- Leonardo unveiled Guardian Vantage, a passive land-based EWSI system, at AOC Europe in Helsinki, Finland, on May 20, 2026.
- The system detects, recognizes, identifies, and locates enemy emitters without generating signals, and carries no ITAR restrictions for export.
Leonardo unveiled a new land-based electronic warfare and signals intelligence system at the AOC Europe conference in Helsinki, Finland.
The system, called Guardian Vantage, is a passive surveillance platform that detects, recognizes, identifies, and locates enemy emissions across the electromagnetic spectrum without generating any signals of its own, a design choice that keeps the operator invisible to enemy detection while building a comprehensive electronic picture of the threat environment.

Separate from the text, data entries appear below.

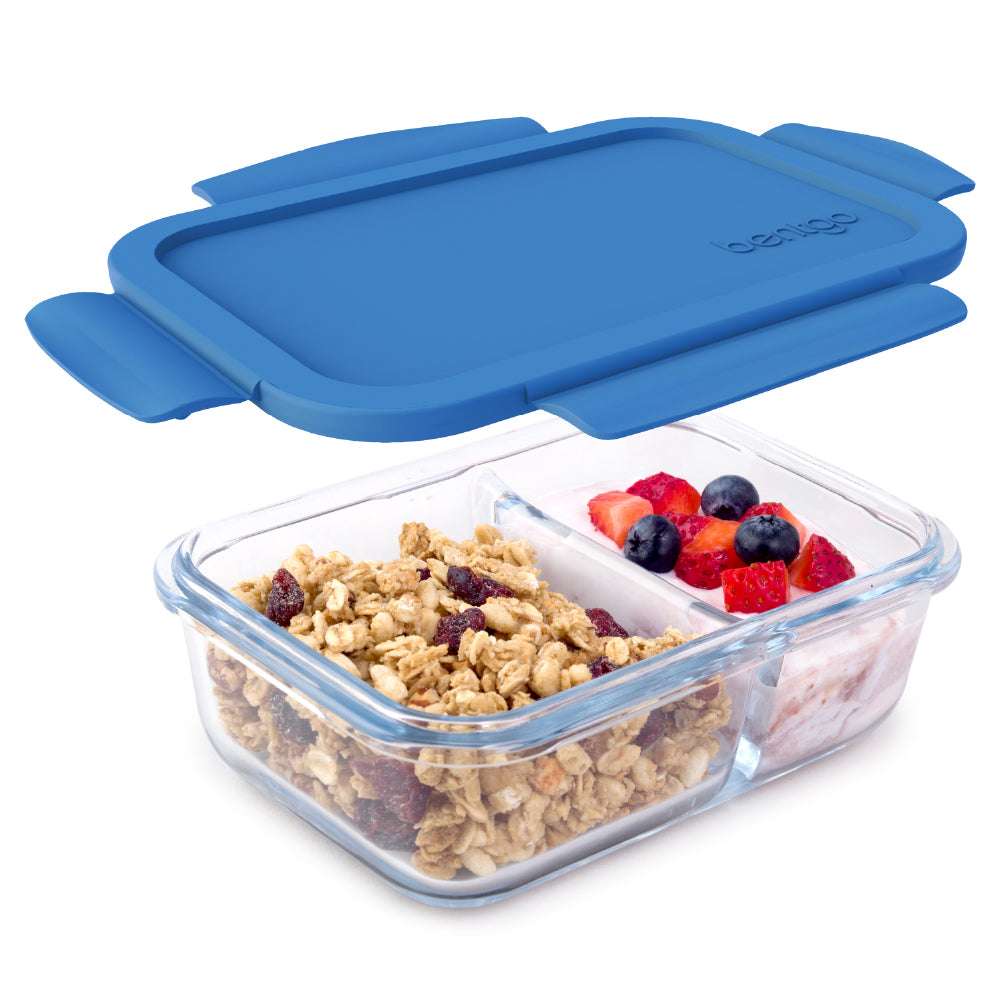 bentgo-glass-snack-container-x8 BGOGSML-B.jpg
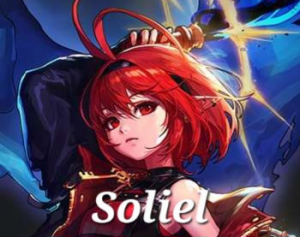 Zzzzz 16755233882020120811105518 1jpg — Definitive MoRei character option 47
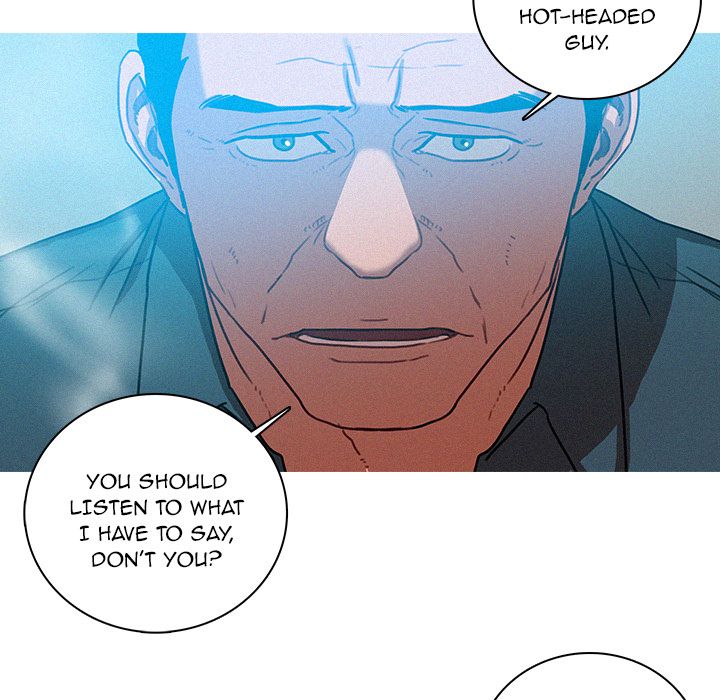 Paradise Lost Chapter 39 image 38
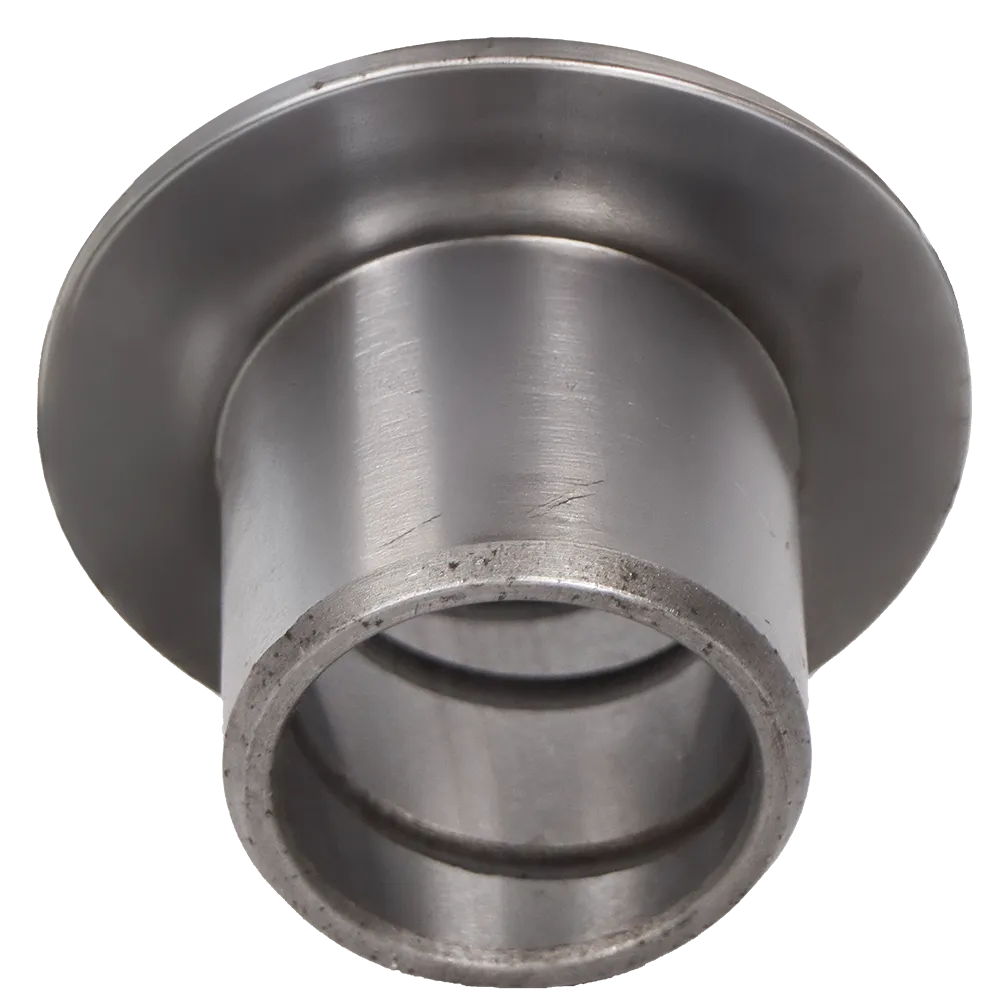 PW12B01237P2 BUSHING KOBELCO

The core concept behind Guardian Vantage is straightforward in principle and technically demanding in execution. Every military system that radiates signals, including radars, communications networks, drone command links, and electronic warfare emitters, leaves a fingerprint in the electromagnetic spectrum. Guardian Vantage collects those fingerprints, compares them against a threat library, and constructs what Leonardo calls an electronic order of battle: a continuously updated map of detected enemy systems ranked by threat priority.
A commander using this system does not just know that enemy forces are in a general area. The system tells them specifically what emitting systems are present, where they are located with precision sufficient for targeting, and by analyzing patterns of activity, what those forces are likely to do next. Per Leonardo’s product documentation, the system can transcribe radio traffic in real time and use large language models to translate foreign languages into the operator’s native tongue, a capability that removes a traditional intelligence bottleneck in multinational or out-of-area operations.
Detect identifies signals of interest automatically based on user-defined parameters. Recognise applies measured signal characteristics to classify a wide range of threat signals without operator intervention. Identify uses built-in classifiers to determine the exact type of signal with high certainty. Locate then applies what the company describes in its datasheet as “market leading super resolution direction finding and geolocation” to establish precise positions.
The system can operate as a single sensor or as part of a networked architecture enabling multi-sensor geolocation, where signals detected from multiple positions are triangulated to fix a target location with considerably greater precision than any single platform could achieve. That networked mode matters because direction finding from a single fixed point provides a bearing, not a location, and crossing two or more bearings is what produces a usable grid reference for fires or maneuver.
Guardian Vantage also incorporates a Radar Electronic Support Measures capability, abbreviated RESM, designed to detect and characterize radar emitters specifically. The company describes this module as ultra-low SWaP, using the defense engineering shorthand for Size, Weight, and Power, meaning the radar detection function adds minimal physical burden to the platform and draws minimal electrical power. That matters for vehicle integration, where space and power budgets are constrained.
The system also supports electronic intelligence, or ELINT, functions, building strategic intelligence about unidentified communications and non-communications emitters over time. Where tactical SIGINT answers immediate questions about what is on the battlefield right now, ELINT builds the deeper picture of adversary electronic order of battle that supports operational and strategic planning.
The venue for this unveiling was not incidental. AOC Europe 2026 runs May 19 through 21 at the Messukeskus Helsinki Expo and Convention Centre under the theme “Re-Arming Europe for Electromagnetic Spectrum Superiority,” according to the Association of Old Crows. The conference theme reflects exactly what the war in Ukraine has demonstrated at scale: that electromagnetic spectrum dominance is not a niche capability for specialist units but a foundational requirement for any force operating against a peer adversary. Russian and Ukrainian forces have fought an intensive parallel war in the electromagnetic spectrum since February 2022, with jamming, spoofing, drone frequency exploitation, and counter-drone radio frequency detection all playing roles in tactical outcomes that no amount of conventional firepower alone could have determined. Leonardo Campaign Manager Mike Brown made the operational stakes explicit at the Helsinki unveiling, saying Guardian Vantage “turns the electromagnetic spectrum into a decisive operational advantage, enabling commanders to see what the adversary is doing and where they are operating, ultimately providing an indication of their intent.”
The system runs on what Leonardo describes as an open architecture aligned with UK STICS and CMOSS standards, as well as Open VPX, MORA, AOCO, and GVA frameworks. Those acronyms matter to procurement officials and system integrators more than to operational users, but the practical implication is significant: Guardian Vantage is designed to be updated without replacing hardware, integrated onto platforms it was not originally designed for, and connected to wider command and control networks without custom engineering. The U.S. Army has spent years pursuing the same philosophy through its Modular Open Systems Approach, and its Terrestrial Layer System, the Army vehicle-based SIGINT and EW program awarded to Lockheed Martin, represents the American version of the same operational problem Guardian Vantage is trying to solve for allied markets.